Interior fue condenado por no intervenir en tres denuncias que terminaron con un femicidio

El Ministerio del Interior fue responsabilizado por la Justicia por un femicidio ocurrido en 2012: la víctima había realizado tres denuncias policiales por agresiones de su pareja, y la cartera no activó el protocolo de protección, lo que permitió que la mujer continuara viviendo a merced del agresor, publicó El País este martes basado en el fallo del Tribunal de Apelaciones.




El fallo, del Tribunal de Apelaciones en lo Civil de 2° Turno, ratifica la condena a la cartera que ya había emitido el juez de lo Contencioso de 2° Turno, Alejandro Martínez de las Heras, a pagar US$ 30.000 por los tres familiares de la víctima: sus padres y un hermano.

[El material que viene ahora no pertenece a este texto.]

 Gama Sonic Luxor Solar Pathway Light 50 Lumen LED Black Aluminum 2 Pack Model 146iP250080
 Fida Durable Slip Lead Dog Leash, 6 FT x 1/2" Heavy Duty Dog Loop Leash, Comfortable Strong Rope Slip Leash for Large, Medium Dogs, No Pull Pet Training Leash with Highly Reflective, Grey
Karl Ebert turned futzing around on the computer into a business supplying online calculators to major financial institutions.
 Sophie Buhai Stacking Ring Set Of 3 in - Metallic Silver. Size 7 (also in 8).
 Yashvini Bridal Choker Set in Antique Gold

Según consta en el expediente citado por el matutino, una mujer de 33 años denunció por primera vez el 2 de junio de 2012 en la seccional 19 la violencia doméstica a que era sometida por su pareja, y la policía derivó el caso a la Justicia. Cinco meses después, el 3 de noviembre de 2012, la mujer volvió para reiterar el infierno que sufría: ese día, llegó con un hematoma en su cabeza y una herida cortante. Pero esta vez, la denuncia quedó en la órbita policial. La mujer volvió a su casa.

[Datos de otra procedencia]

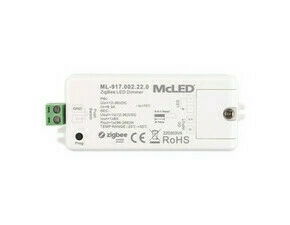 MC LED ZigBee přijímač - řízení jasu, 1 kanál, max. 8A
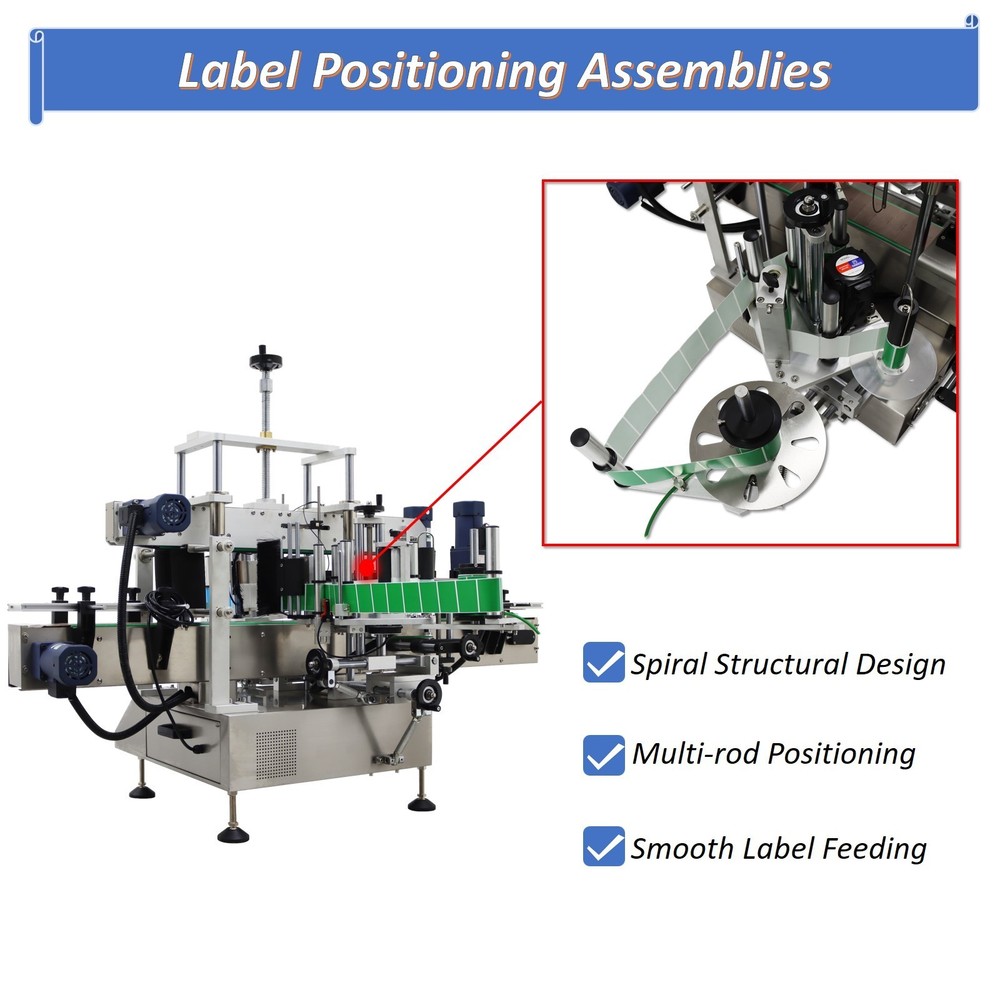 Double Sided Automatic Labeling Machine for 3.9-11.8in Square/Hexagonal Bottle
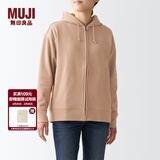 MUJI MUJI 男女通用 紧密编织毛圈 拉链连帽衫 休闲外套 无性别 卫衣 烟熏橙色 L -XL(180/104A)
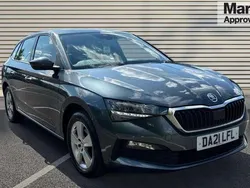 Grey Used 2021 Skoda Scala SE Hatchback | £14,444 (Fair price)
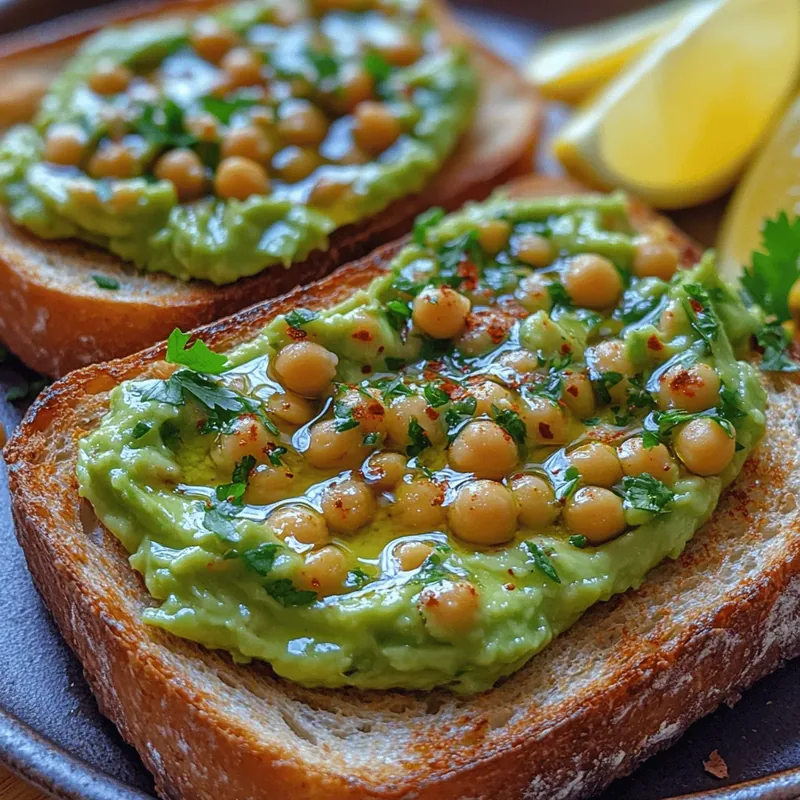 Creamy Avocado Chickpea Delight: A Wholesome Recipe for Toast Lovers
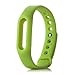 Idol Colorful Waterproof Replacement Band for XiaoMi Wireless Wristband Bracelet (No Activity Tracker) (Green)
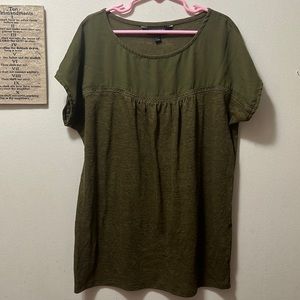 Banana republic olive green blouse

Hubo una tercera advertencia, tres semanas después, cuando la mujer volvió y denunció de nuevo que el hombre la había amenazado poniendo un cuchillo en su cuello, pero que había logrado escapar. La policía respondió intentando localizar, sin éxito, al agresor. A cambio, citó al hombre a la seccional 19 y se comunicó con su hermano, para que le notificara de la citación. En paralelo, se dejó constancia por escrito que la mujer retiraba cada denuncia que había hecho hasta el momento.



Eso había sido el 21 de noviembre. Una semana después el hombre la mató.

“No cabe ninguna duda que la inactividad estatal favoreció a que el concubino aumentara la violencia y pudiera acceder fácilmente a la víctima como lo hizo y ultimarla”, señaló el fallo judicial, emitido el 2 de mayo de este año, y que desestima así la apelación de la primera sentencia del juez Martínez que había hecho el Ministerio del Interior. También se recordó que el protocolo policial ante estos casos obligaba, ante la no localización del atacante, a brindar medidas de protección a la víctima. “El Estado no ha podido, o lo que es peor, no ha sabido protegerla”, concluyeron tres de los cinco los ministros del Tribunal de Apelaciones. Los otros dos votaron darle la razón a la cartera.




En la sentencia, también hay un pronunciamiento genérico sobre cuál es el rol del Estado ante casos de violencia doméstica: “Intervenir en las relaciones familiares no con el ánimo de imponer modelos de conducta, sino para impedir la violación de los derechos fundamentales entre las personas”. En ese sentido, se destacó que Uruguay está sujeto a las obligaciones internacionales en esta materia, que constan en la Convención Interamericana para Prevenir, Sancionar y Erradicar la Violencia contra la Mujer, a la que el país está suscrito.

No obstante, el Tribunal de Apelaciones reconoció que el Ministerio sancionó en su momento a los funcionarios policiales que reaccionaron con omisión, por lo que redujo en 50% la pena económica aplicada en el primer fallo.